T = time, S= distance, A= acceleration.

So starting from S=(AT^2)/2 you get T=Sqr root of (2S/A), T=(2S/A)^ 0.5

The problem with that is say you rocket from here to Mars, and accel at one g. You get there really fast, a bit over one day but with that formula, you arrive at Mars at max velocity which might be ok for a fast flyby and cameras clicking but if you want to go into orbit there, you need to decel a lot and since you would be going about 700 Km/second, you would have to do a huge delta V to get into orbit, no good.

So I looked at the idea of positive acel to the halfway point and decel the rest of the way, nothing original there.

But I played with the numbers and found if you do that, you can use a modified version of the original equation that leaves you at the destination flying by at max velocity.

New solution: T= Sqr root of 2 times (Sqr root of 2S/A)

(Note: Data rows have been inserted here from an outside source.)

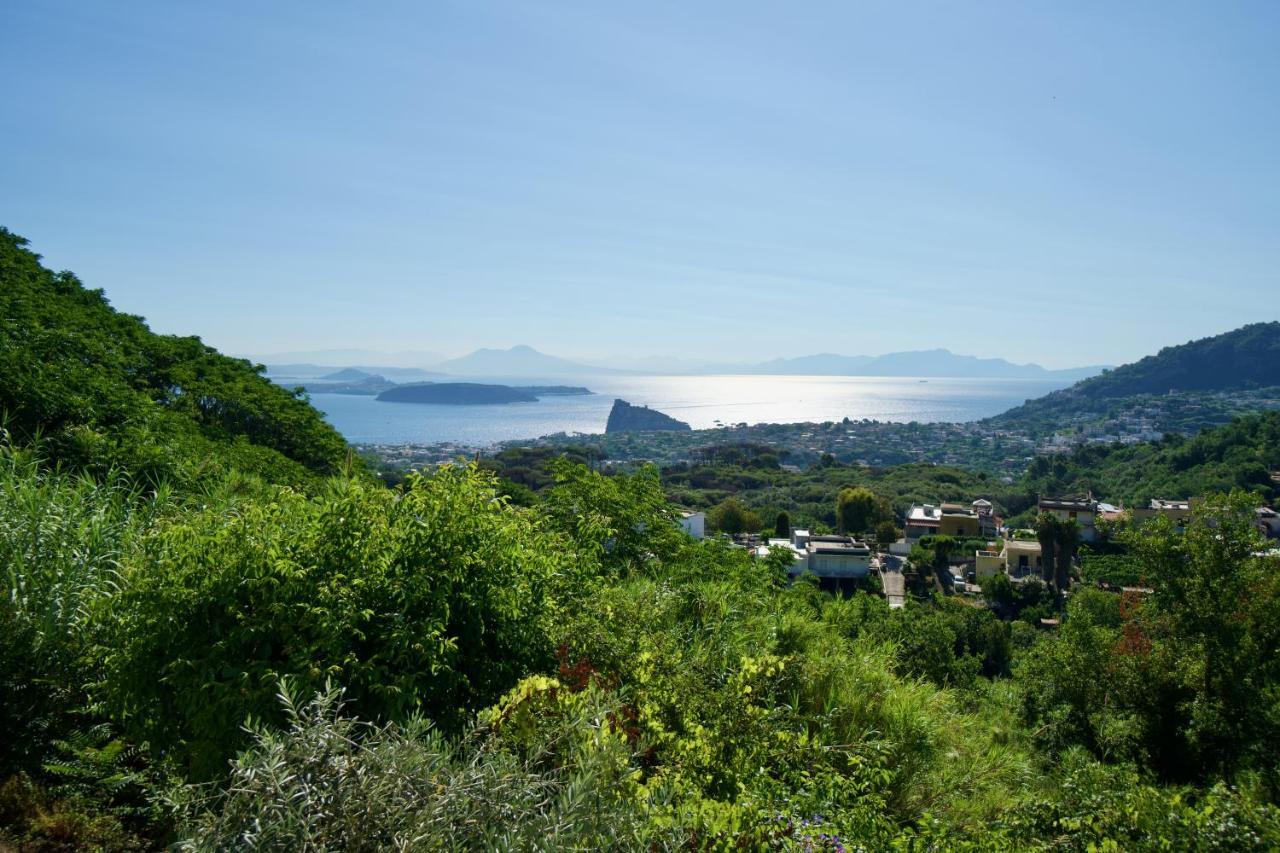 Relais Villa Ettore Barano dʼIschia Exterior foto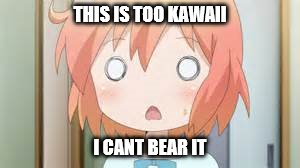 THIS IS TOO KAWAII I CANT BEAR IT | made w/ Imgflip meme maker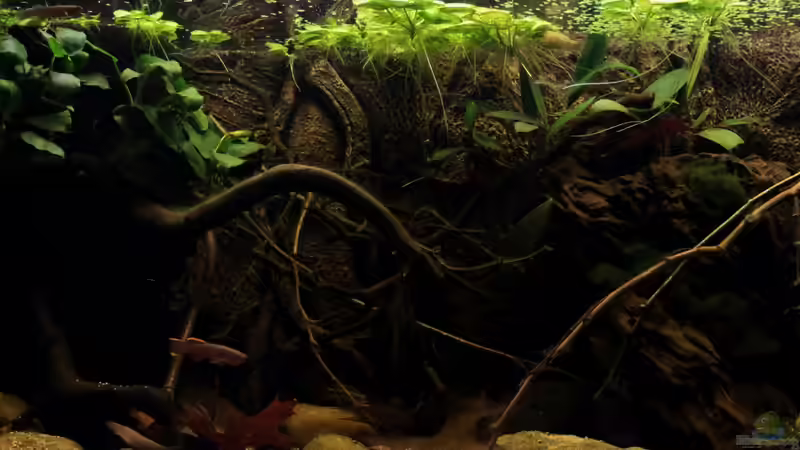 linke Beckenseite von die Perle... (11)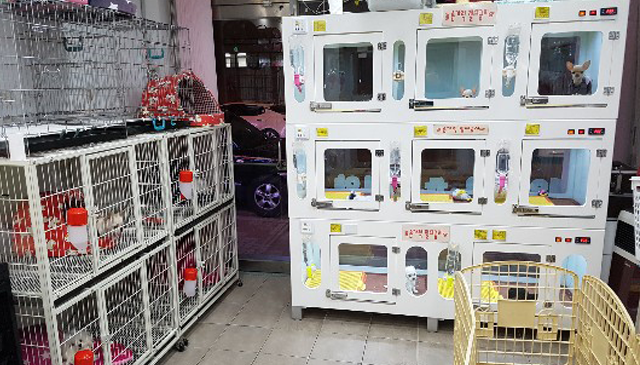 광주강아지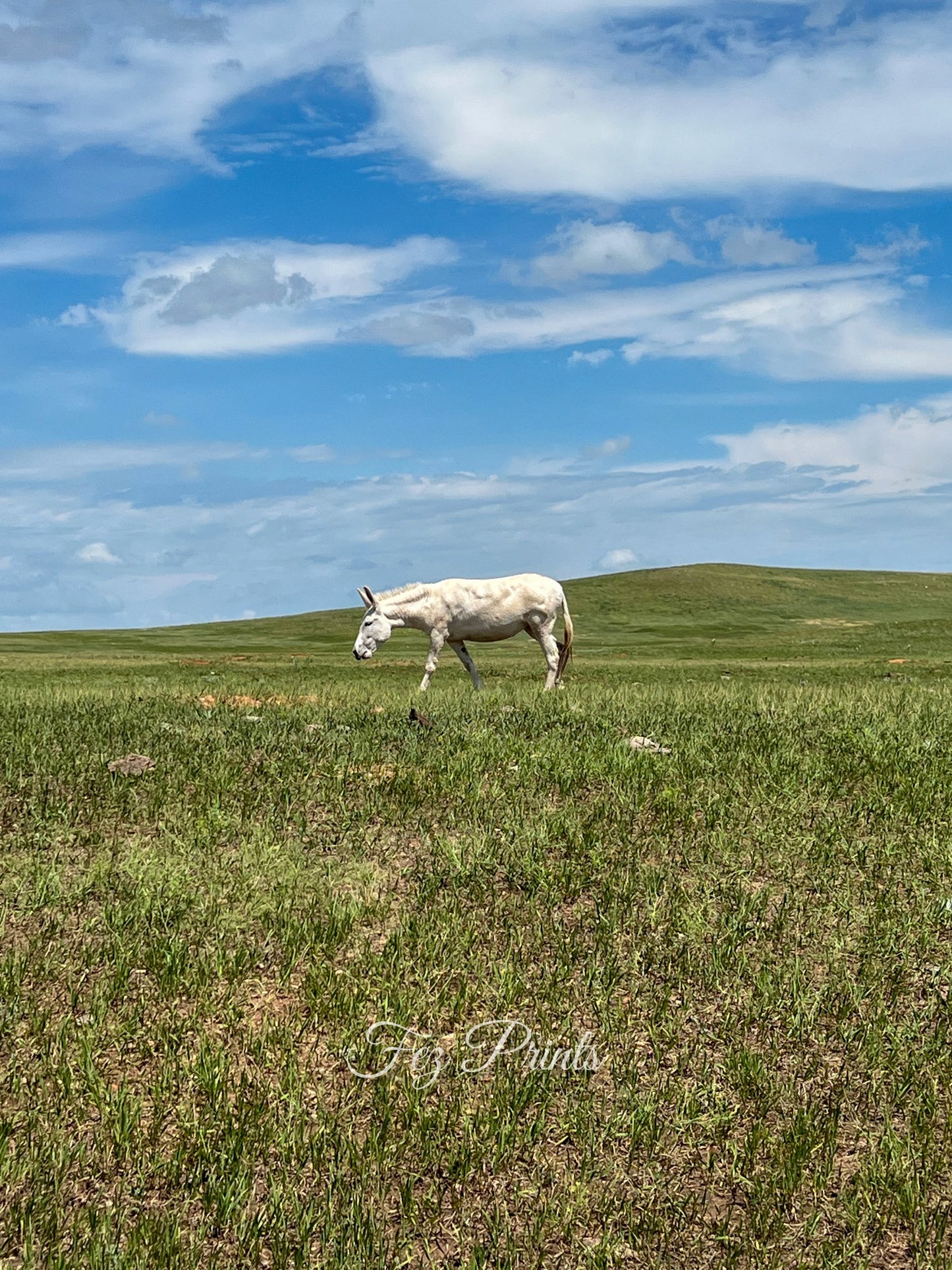 Grazing White Donkey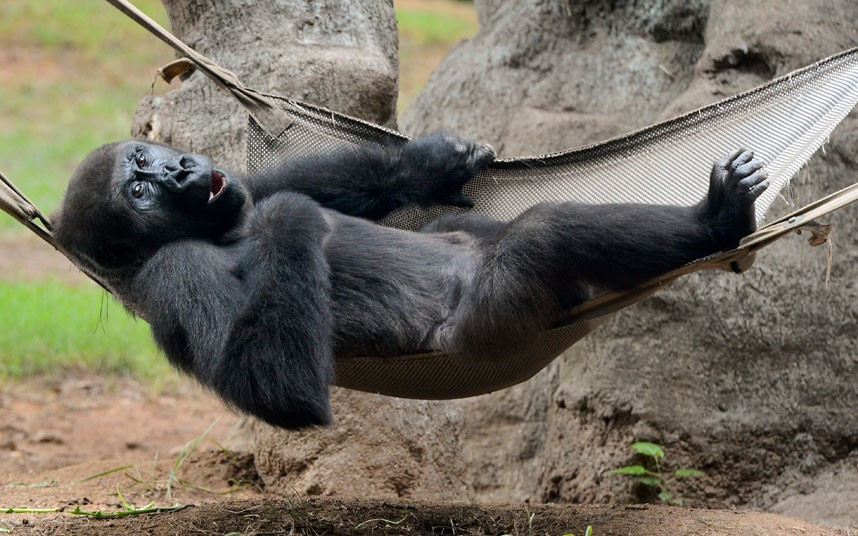 Ảnh động vật đẹp trong tuần ảnh 8 A Western lowland gorilla lies in a hammock inside its enclosure at Zoo Atlanta in Georgia, USA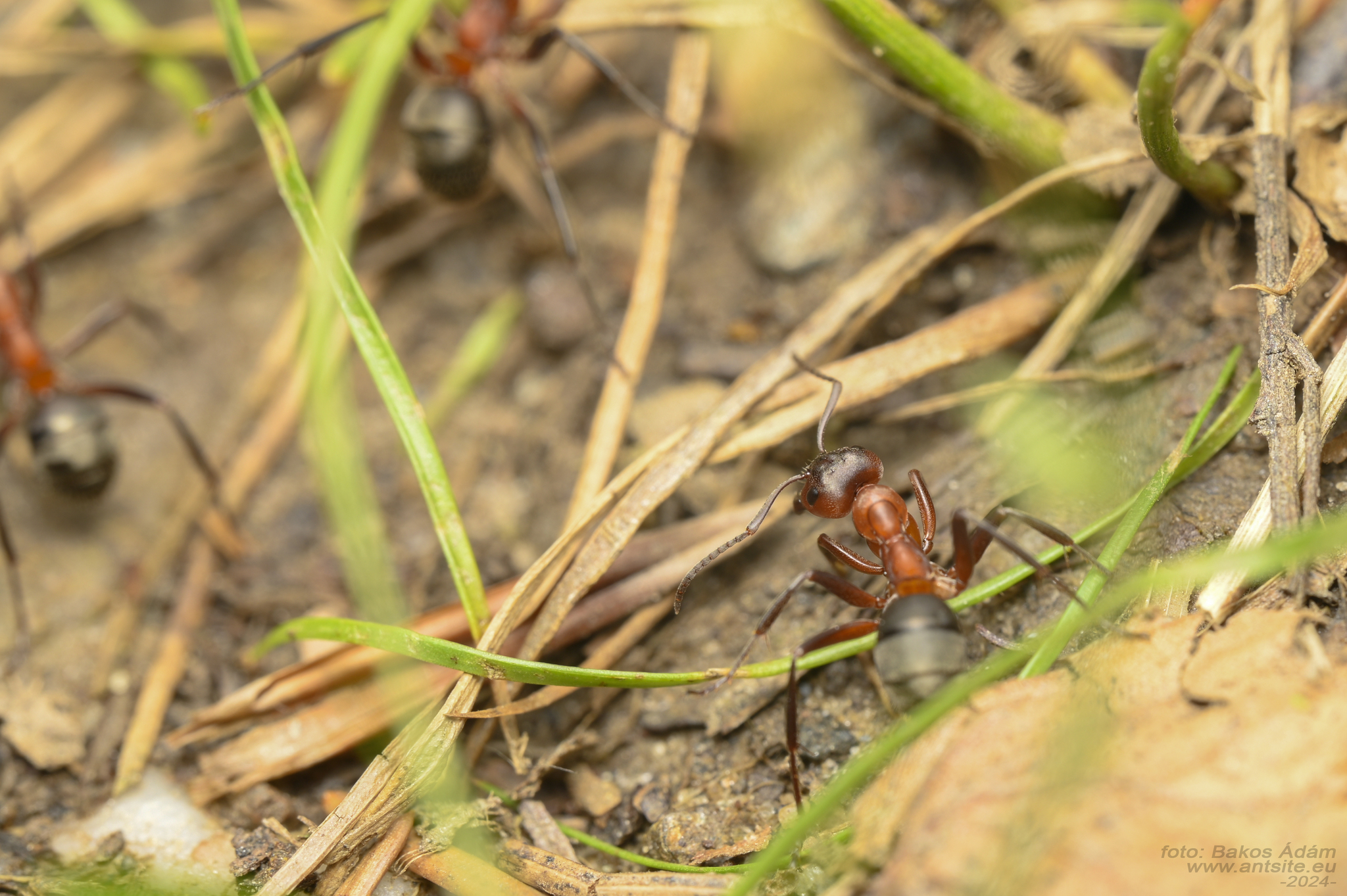Formica sanguinea — image 11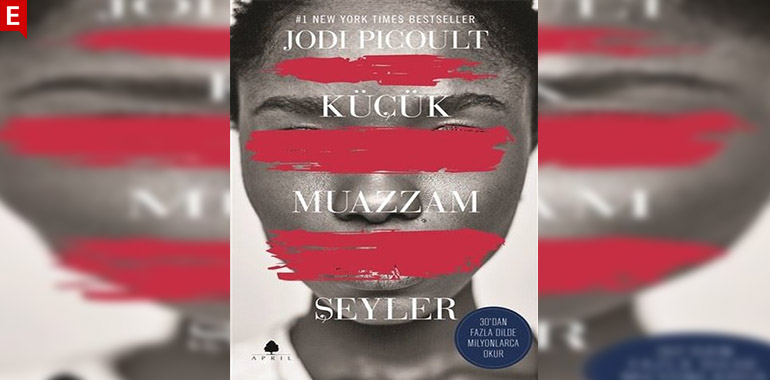 Küçük Muazzam Şeyler Kitap Özeti  Jodi Picoult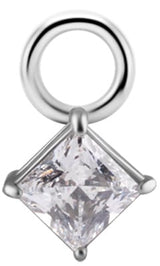 SS 316 CHARMS FOR SEGMENT RINGS - mod. 63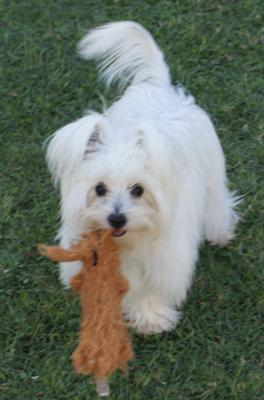 Teddy with his favourite toy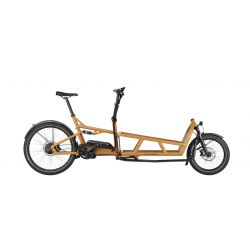 Riese & Muller Load4 75 Vario chez vélo horizon port gratuit à partir de 300€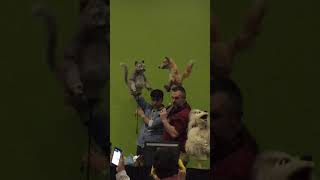 Mongrels' Nelson and Marion Puppeteering Demo FurtherConfusion 2015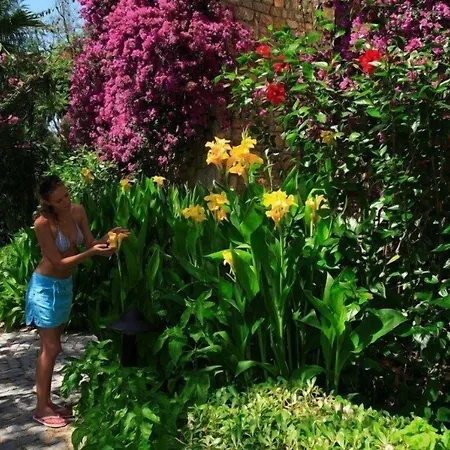 Zeytinada 4* Torba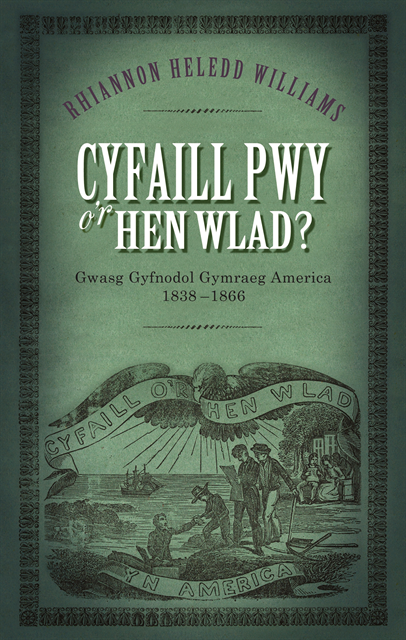 Rhiannon Heledd Williams - Cyfaill Pwy o'r Hen Wlad?, E-bok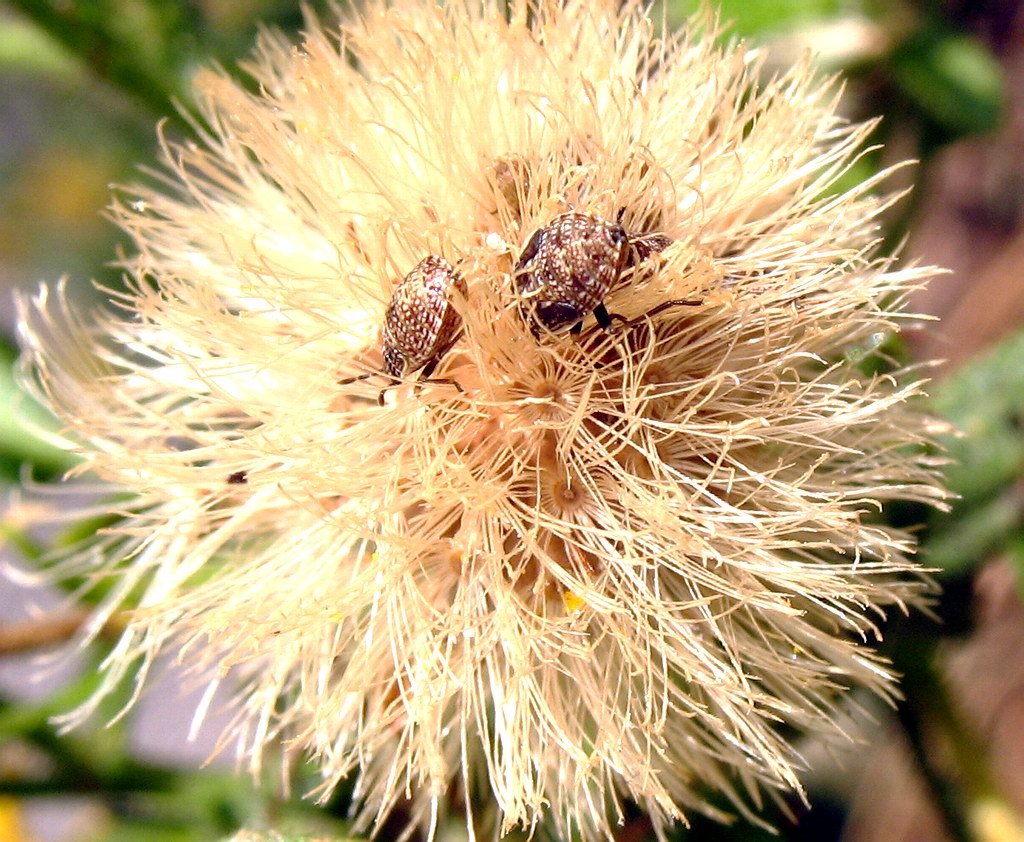 Nysius cymoides (?)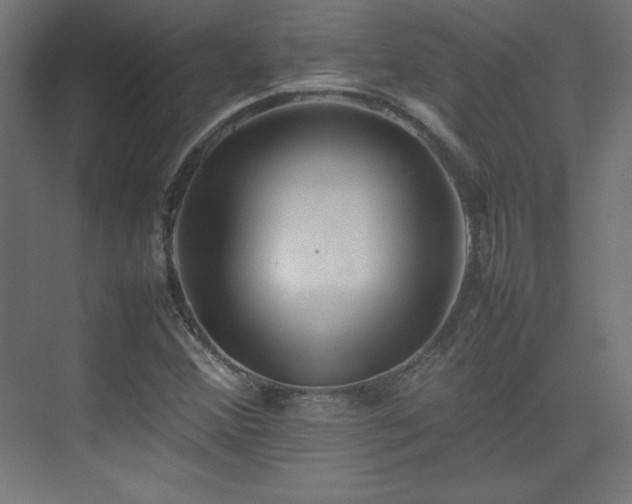 X0000074971356200609011205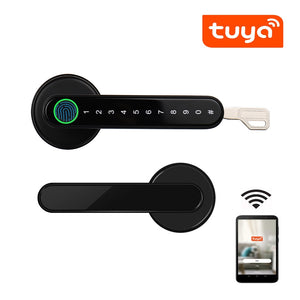 Biometrics Lock For Indoor Door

So just use the original equation times the sqr root of 2, or 1.414ish.

T=2^0.5 * (2S/A)^0.5

So now you acel half way at one g, decel half way at one g and you end up with zero relative velocity at the destination and of course some modifications to velocity you might need to inject into a stable orbit but the main equation gets you going pretty close. And of course a bit of course correction since you can't go exactly on a straight line to the destination since you would be in the influence of solar gravity and would bend a bit but that correction is a bit above my pay gradeðŸ™‚. I am just assuming a straight line path which would work really will if you are way away from the sun.

It takes 1.414 times longer but you get there at zero delta V needed to inject into orbit.

So going 50 million Km at one g, the original formula says you get there in 101,015 seconds, a bit over one day, 28 hours and change.

But the modified formula where you go 25 million Kmat one g, decel the rest of the way at one g, it takes 142,857 seconds (1.414 times 101,015) or about 40 hours.

And of course 1 g for hours on end is not going to happen anytime soon but they are talking about the Vasimir rocket that might clock in at 1/20th g and you get there in about one month, or even a week if Mars and Earth are close, a lot faster than a chemical rocket which takes 6 or more months.

It is vital for astronauts to spend as little time in interplanetary space as humanly possible because they may run into a solar flare that could kill them, if not immediately, but later sometime from cancer.
2. apathist
looking for loot
01 Nov '17 17:27
Originally posted by @sonhouse
...
So I looked at the idea of positive acel to the halfway point and decel the rest of the way, nothing original there.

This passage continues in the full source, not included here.